2013年公開の『シリーズ1〜被曝〜』(文化庁映画賞優秀賞)、2014年公開の『シリーズ2〜異変〜』、2015年公開の『シリーズ3〜拡散〜』に続く、動物映画の巨匠・岩崎雅典監督の最新作『福島 生きものの記録 シリーズ4〜生命(いのち)〜』が10月15日よりポレポレ東中野にて劇場公開されます。

1940年生まれの岩崎雅典監督は、長年、野生動物や地球環境をテーマに、記録映画、テレビ番組を制作してきました。テレビでは「野生の王国」(毎日放送)、「生きもの地球紀行」(NHK)、「素敵な宇宙船地球号」(テレビ朝日)など、映画作品では『イヌワシ 風の砦』『ニホンザル モズ 二十六年の生涯』などの代表作があります。

2011年に起きた東日本大震災によって起こった福島第一原発事故による放射性物質の拡散は、それまで動物の生態・そして生命を作品で追い続けてきた岩崎監督を奮い立たせました。放射能汚染が危険であるならば、人体への影響よりも早く、人間より小さな野生生物に影響が出るはずだ。これを誰もやらないなら自分がやるしかない。岩崎監督、70歳の夏でした。

福島原発事故は史上初めて人間以外の霊長類が被ばくした事故と言われています。つまり、チェルノブイリやスリーマイル付近には生息していなかったサルの被ばくです。2011年に生まれたニホンザルの子どもが成長して子どもを産むまでには5年から6年かかると言われています。岩崎監督は、少なくともこのシリーズを5年続けて、事故後に生まれたサルが子どもを産むところまで撮り続ける決心をしています。2013年に完成したシリーズ1から毎年、制作と公開を繰り返し、今回4作目の「シリーズ4〜生命〜」が完成しました。岩崎監督らクルーは現在も撮影を続けており、シリーズ5も来年の完成を予定しています。福島第一原発の事故後、これほどまでに制作を継続し、コンスタントに上映を続けているシリーズは類を見ません。

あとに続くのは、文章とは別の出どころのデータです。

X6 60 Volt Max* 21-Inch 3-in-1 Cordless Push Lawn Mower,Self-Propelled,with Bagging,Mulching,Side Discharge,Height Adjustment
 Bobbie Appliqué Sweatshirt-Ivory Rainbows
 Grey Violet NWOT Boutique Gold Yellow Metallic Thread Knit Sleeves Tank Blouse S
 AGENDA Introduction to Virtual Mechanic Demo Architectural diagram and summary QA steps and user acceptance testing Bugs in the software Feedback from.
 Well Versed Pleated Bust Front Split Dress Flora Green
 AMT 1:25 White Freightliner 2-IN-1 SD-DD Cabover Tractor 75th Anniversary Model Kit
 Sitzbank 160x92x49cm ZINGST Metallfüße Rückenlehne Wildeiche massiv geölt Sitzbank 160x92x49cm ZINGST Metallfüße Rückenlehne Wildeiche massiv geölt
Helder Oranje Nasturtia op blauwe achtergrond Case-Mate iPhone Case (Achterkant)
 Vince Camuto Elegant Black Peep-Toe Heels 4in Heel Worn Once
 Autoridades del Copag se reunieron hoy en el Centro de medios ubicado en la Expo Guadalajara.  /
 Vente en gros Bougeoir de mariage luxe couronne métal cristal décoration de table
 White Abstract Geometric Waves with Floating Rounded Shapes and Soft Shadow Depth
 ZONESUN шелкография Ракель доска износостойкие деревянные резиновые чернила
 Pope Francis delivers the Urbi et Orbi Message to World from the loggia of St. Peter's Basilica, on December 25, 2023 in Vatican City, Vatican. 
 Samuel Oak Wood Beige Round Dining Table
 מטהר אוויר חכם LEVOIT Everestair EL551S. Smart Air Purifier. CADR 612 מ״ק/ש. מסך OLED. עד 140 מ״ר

岩崎雅典監督の冷静な視線は、単に原発事故の被害や、その政府や行政の対応を批判するのではなく、また、放射能汚染が危険であるという盲目的な仮定に基づくわけでもなく、今現在福島を中心とした東日本に生息している生命体に起きていること、もしくは起こっていないことをロジカルに記録しています。
決して感情的になることになかった本シリーズですが、今回は映画の終盤、人間と動物の関係性が明らかに変わってしまったことを描いています。そのシーンは私たち人間が起こしてしまった事態に対して、誰しもが感情的にならざるを得ない強烈なシーンとなっています。